(Captioned web image data)
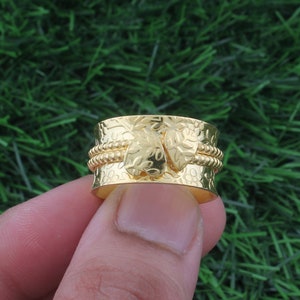 Bague Spinner Love Heart Fidget faite main : Laiton plaqué or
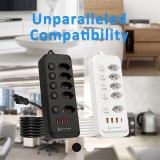 Multiprise 9 en 1 2500W avec 5 prises AC avec interrupteurs boutons individuels et 4 ports USB dont 1 USB-C - Blanc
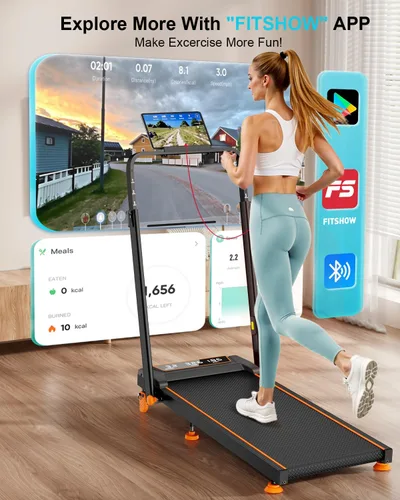 Vista 9 de Rayspace Walking Pad with 12% Incline/Adjustable Height, Upgraded 3.5HP Walking Pad with Handle Bar, 4 in 1 Foldable Under Desk Treadmill, Electric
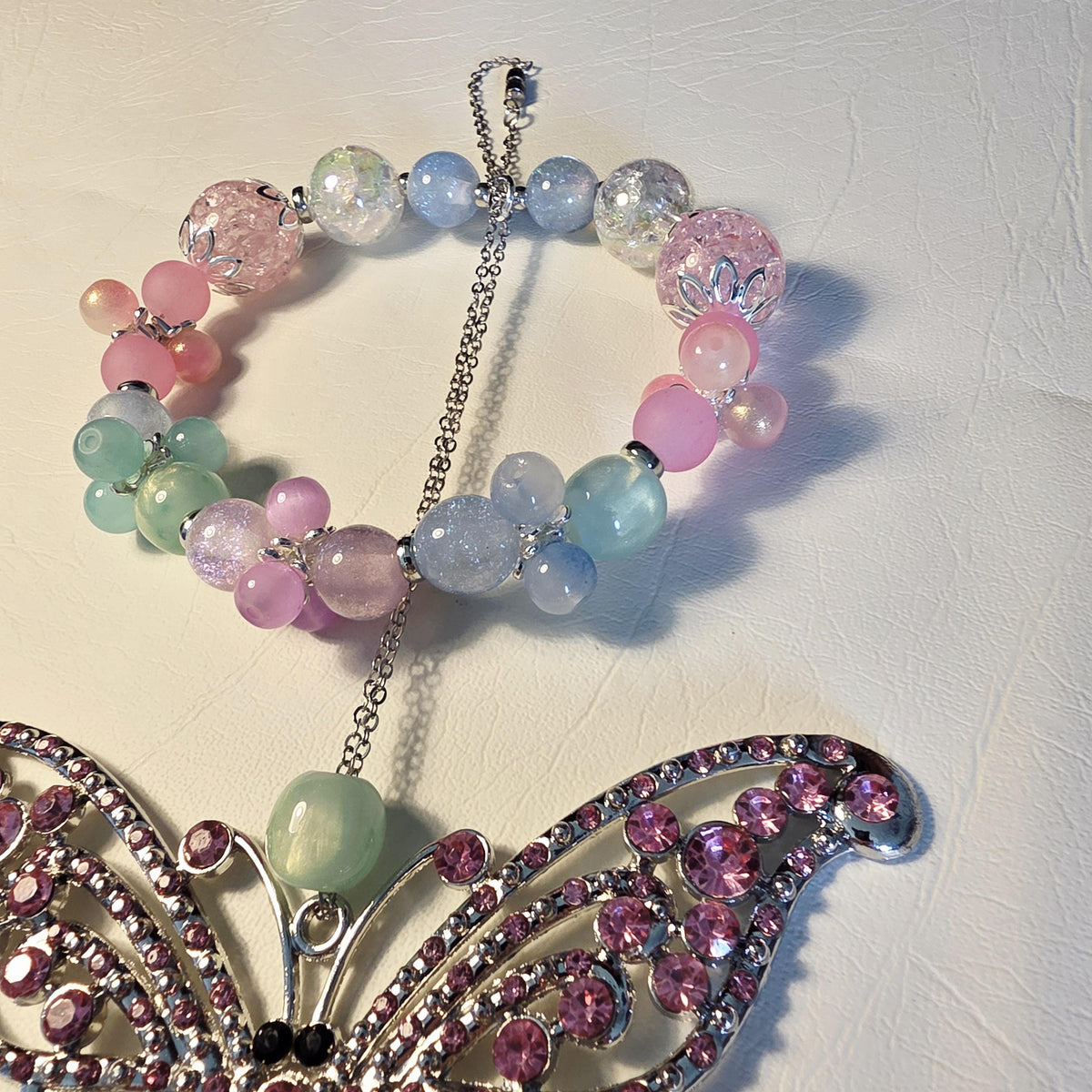 Pastel Butterfly Car Hanger | Handmade Rear View Mirror Charm | One of a Kind Car Accessory | Crystal Butterfly Decor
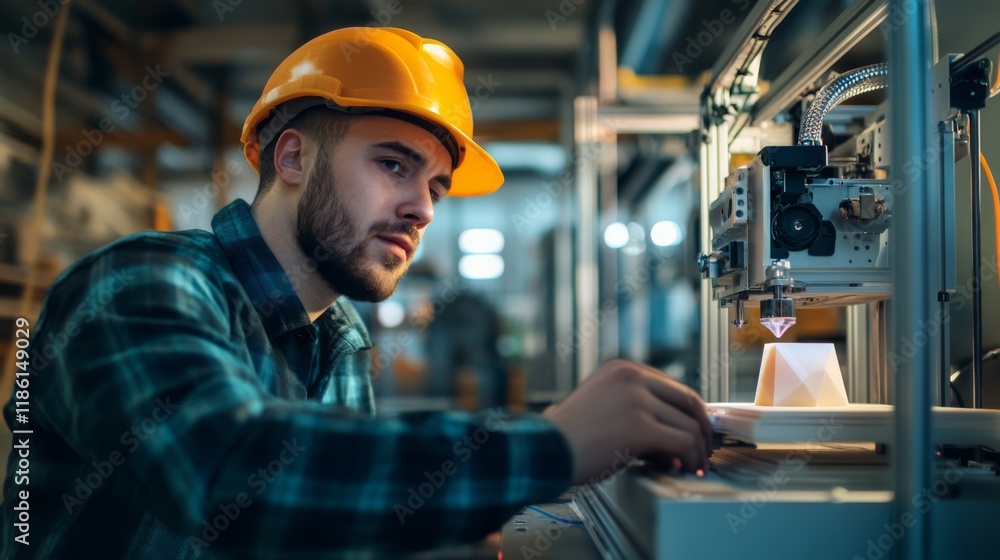 Poster man operating 3d printer in construction environment
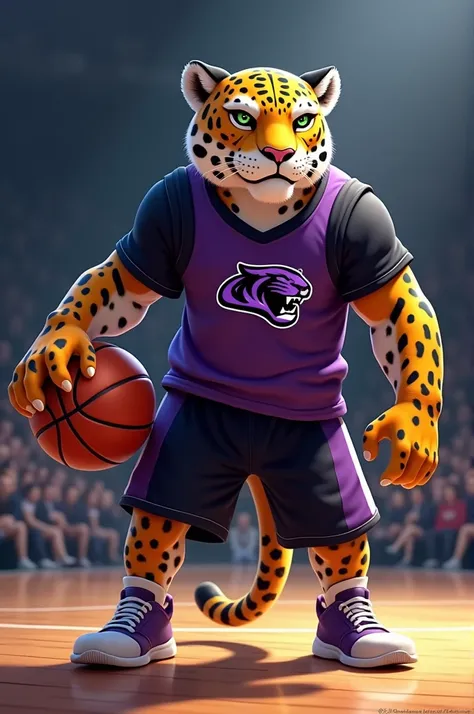 A basketball playing jaguar in a purple and black t-shirt 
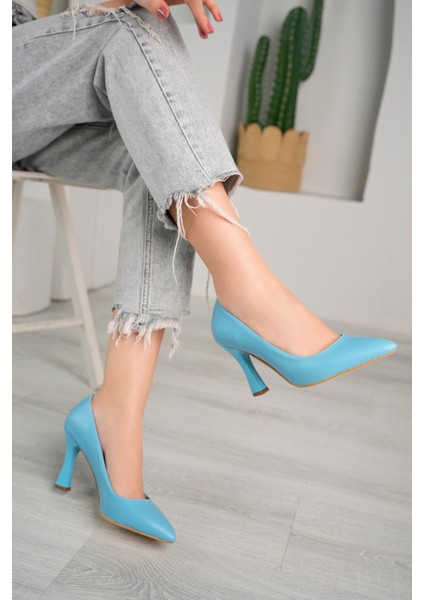 Perla Model Kadın Mavi Sivri Burun Stiletto Topuklu Ayakkabı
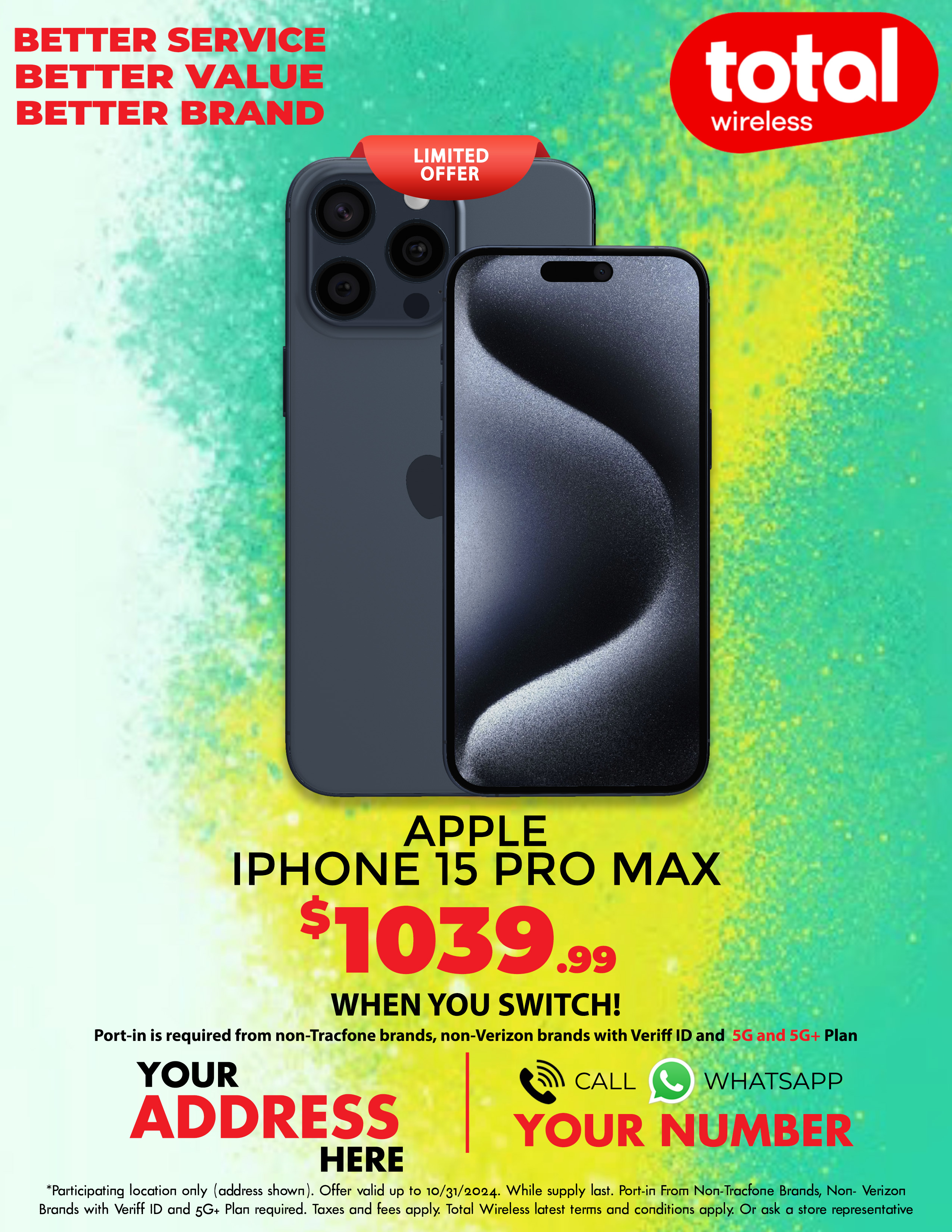 Picture of MyTotalBrand’s New Total Wireless Theme Flyer for Apple iPhone 15 Pro Max!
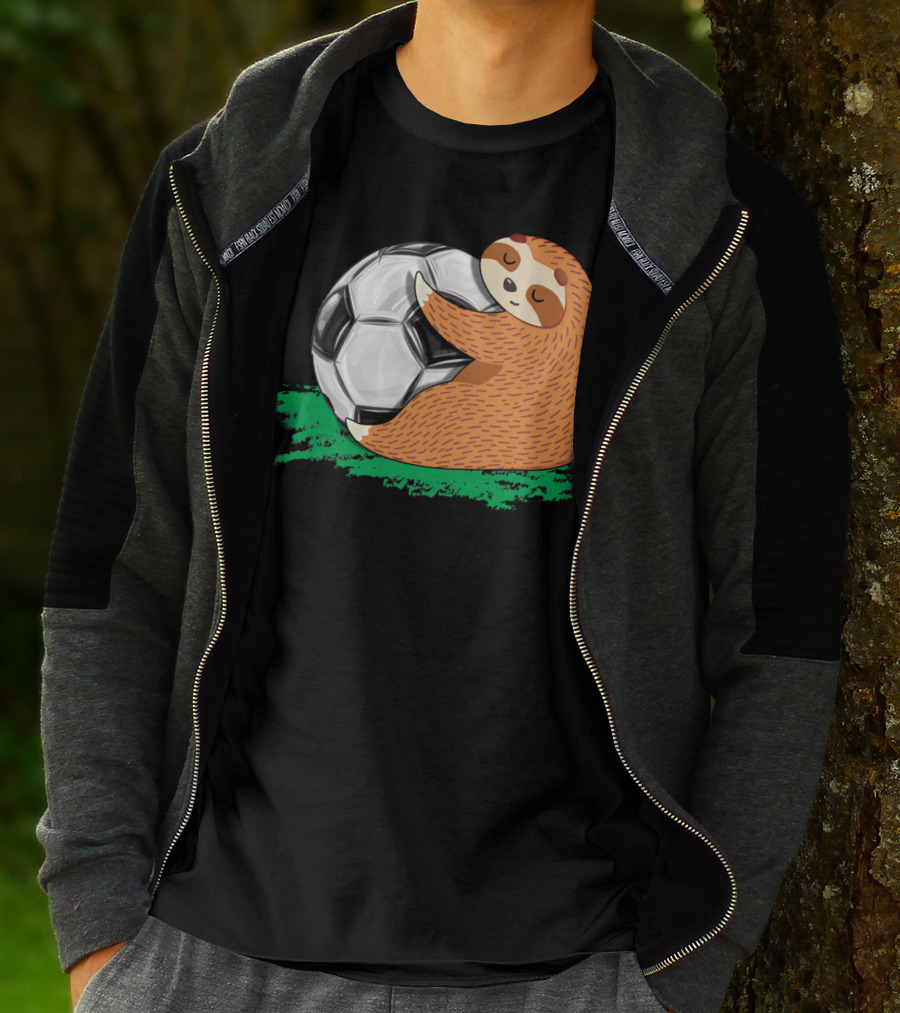 Lazy Sloth Soccer Lover Team Ball Sport Hugging Giant Soccer Ball T-Shirt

Aim of the task:
Taking the entries above, extract every line from the one bearing "Vista 9 de Rayspace" through the one bearing "Picture of MyTotalBrand’s", exactly, with no pictures.

Written answer:
 Vista 9 de Rayspace Walking Pad with 12% Incline/Adjustable Height, Upgraded 3.5HP Walking Pad with Handle Bar, 4 in 1 Foldable Under Desk Treadmill, Electric
 Pastel Butterfly Car Hanger | Handmade Rear View Mirror Charm | One of a Kind Car Accessory | Crystal Butterfly Decor
 Poster man operating 3d printer in construction environment
 A basketball playing jaguar in a purple and black t-shirt 
 Perla Model Kadın Mavi Sivri Burun Stiletto Topuklu Ayakkabı
 Picture of MyTotalBrand’s New Total Wireless Theme Flyer for Apple iPhone 15 Pro Max!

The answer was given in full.